2020-02-25 Thread Tito via Dng



On 2/25/20 4:40 PM, Dr. Nikolaus Klepp wrote:

Hi!

Anno domini 2020 Tue, 25 Feb 16:29:58 +0100
  al3xu5 / dotcommon scripsit:

Hi all

I am using Devuan (2.1) + MATE DE since 08/2016...
Now I wish to change DE but I am in doubt: XFCE or LXDE or LXQt???
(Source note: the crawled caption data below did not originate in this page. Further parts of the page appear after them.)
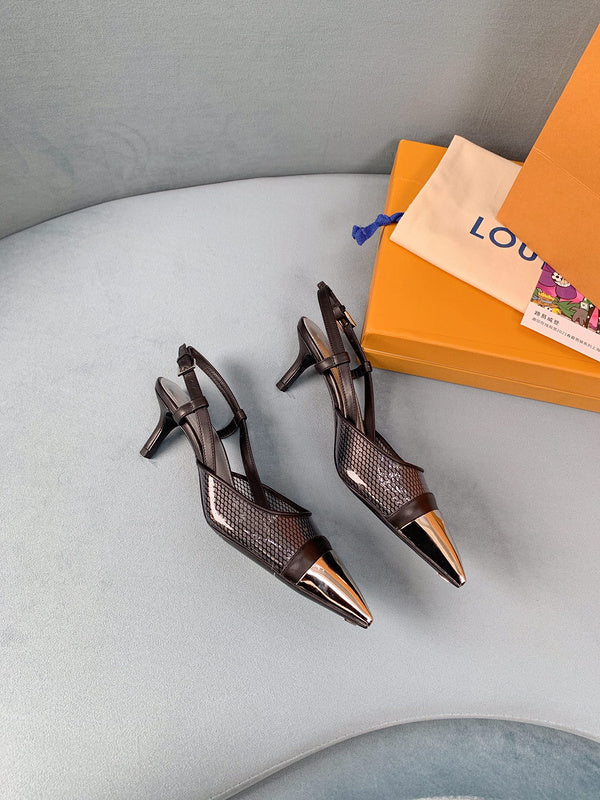 Louis Vuitton shoes Style 247 - side profile detail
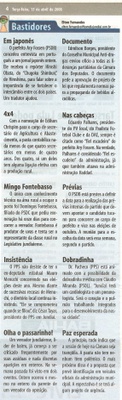Bom Dia Jundiaí - 15/04/2008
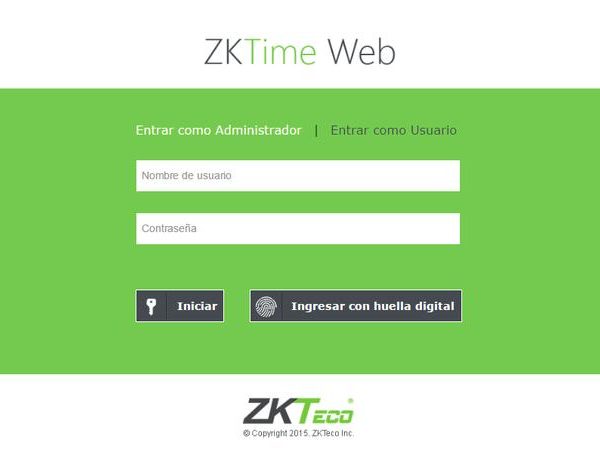 ZKTECO ZK-TIMEWEB2.0-5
Please, based on your experience and knowledge of Devuan and DEs, can
you help me in choosing (avoiding me to invest too much time doing long
experiments)?


IMO you should definitly try TDE https://trinitydesktop.org ... but you could 
also say that I'm a bit biased here :)

Nik


Consider that I mainly use office applications (libreoffice), realtime audio
(rec, play, editing) jack + alsa (no pulseaudio), graphical editing with icc
color management (mainly gimp and inkscape), scripting (mainly bash, html + css
+ php ), virtualization with qemu-kvm and virt-manager ... and I would like a
de that has the least dependencies but also remains stable and "comfortable" in
configuration, personalization and use...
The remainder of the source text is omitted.